Policy decision point policy-desc-pt
Domain model domain-model
This page is meant to serve as a reference for different usecases and implementations of policies. We advise you to also consult the Glossary part of the documentation for term definitions.
A tenant owns applications for which it wishes to enforce policies. Client applications must be configured with the application ID (provided by Adobe).
The tenant then associates each application with one or more policies, either created by him or created and shared by others. Policies can be linked between multiple tenants.
The subject activity consists of all the streams (no matter the application) that are reported to Concurrency Monitoring for a certain subject.
When a stream is to be authorized for a given subject, the system will first check all the policies defined for the application that created the stream.
For each of the applicable policies, we then need to collect all the relevant activity that will be passed to the rule. The relevant activity for a policy P will only include a stream S if it meets the following condition:
Stream “S” is started by an application that includes policy “P” among its policies.
Dry Run Use Cases dry-run-use-cases
The walkthrough below aims to validate the model against some use cases. We’ll do that gradually, by starting with a basic setup and adding complexity in various ways.
1. One tenant. One application. One policy. One stream onetenant-oneapp-onepolicy-onestream
We’ll start with a single tenant, with a single application and a single policy associated. Let’s assume the policy states that there can be at most one active stream for any user (the latest stream is allowed to play).
Once a stream is started, the activity will only consist of that stream and it is allowed to play.
2. One tenant. One application. One policy. Two streams. onetenant-oneapp-onepolicy-twostreams
Once a second stream is started (by the same subject using the same application), the activity used for validation will consist of both s1 and s2.
The limit is exceeded because the policy states that only one stream is allowed to play, so we’ll only allow the latest stream (s2) to play.

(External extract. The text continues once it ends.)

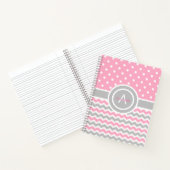 Pink Gray Polka Dot Zickzack Notizblock (Innenseite)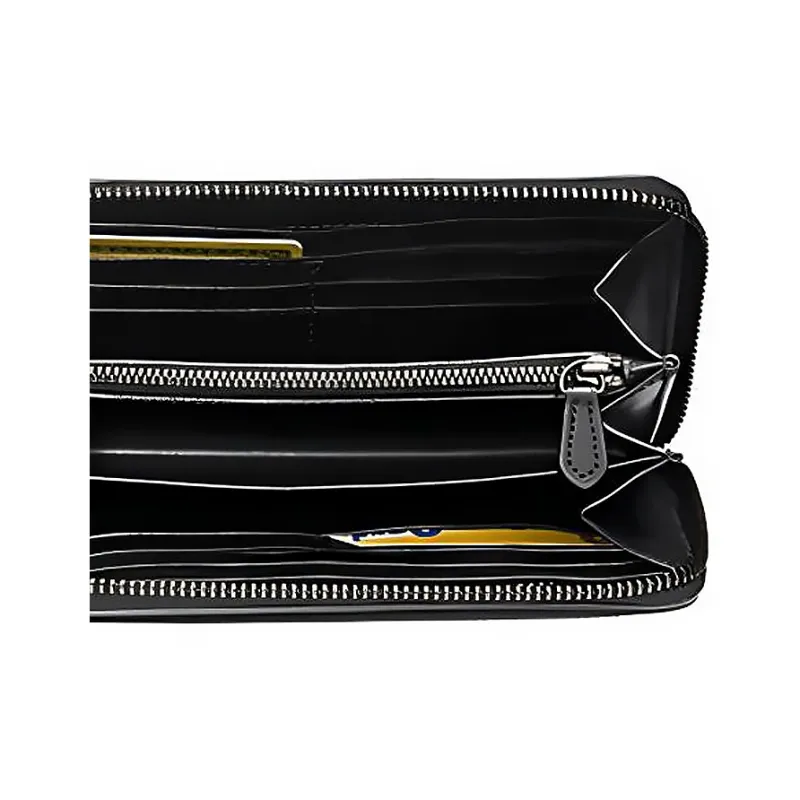 COACH Accordion Zip Leather Wallet Men's Black-2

3. Two tenants. Two applications. One policy. Two streams. twotenant-twoapp-onepolicy-twostreams
Let’s now assume that a new tenant wants to enforce the same policy in their applications:
Due to the two tenants being linked by the same policy, the situation described in usecase 2 is applicable here and s3 is allowed to play as it is the latest stream.
4. Two tenants. Three applications. Two policies. Two streams. twotenants-threeapps-twopolicies-twostreams
Now, let’s assume that the second tenant deploys a new application and wants to define a new policy that will be shared between app2 and app3.
At this moment, the active streams s3 and s4 are both allowed. For s3, when policy P1 is evaluated, the system will only count s3 as relevant activity (s4 is in no way related to policy P1) so there is no violation.
Policy P2 is applied to both streams and it will include both s3 and s4 as relevant activity. As this activity is within the bounds of two streams, both streams are allowed.
5. Two tenants. Three applications. Two policies. Three streams. twotenants-threeapps-twopolicies-threestreams
Now assuming that a new stream initialization attempt is performed using app2:
s5 is allowed to start by P1 (which allows newer streams to take over) but it is denied by P2, so it won’t start.
The same will happen if a stream init is attempted with app3: the same policy P2 will deny access for it.
Now, let’s see what would happen if the user tries to create a new stream using app1:
The application app1 is in no way related to the policy P2, so it will only apply the policy P1: which allows the new stream to start and denies the older one (s3 in this case).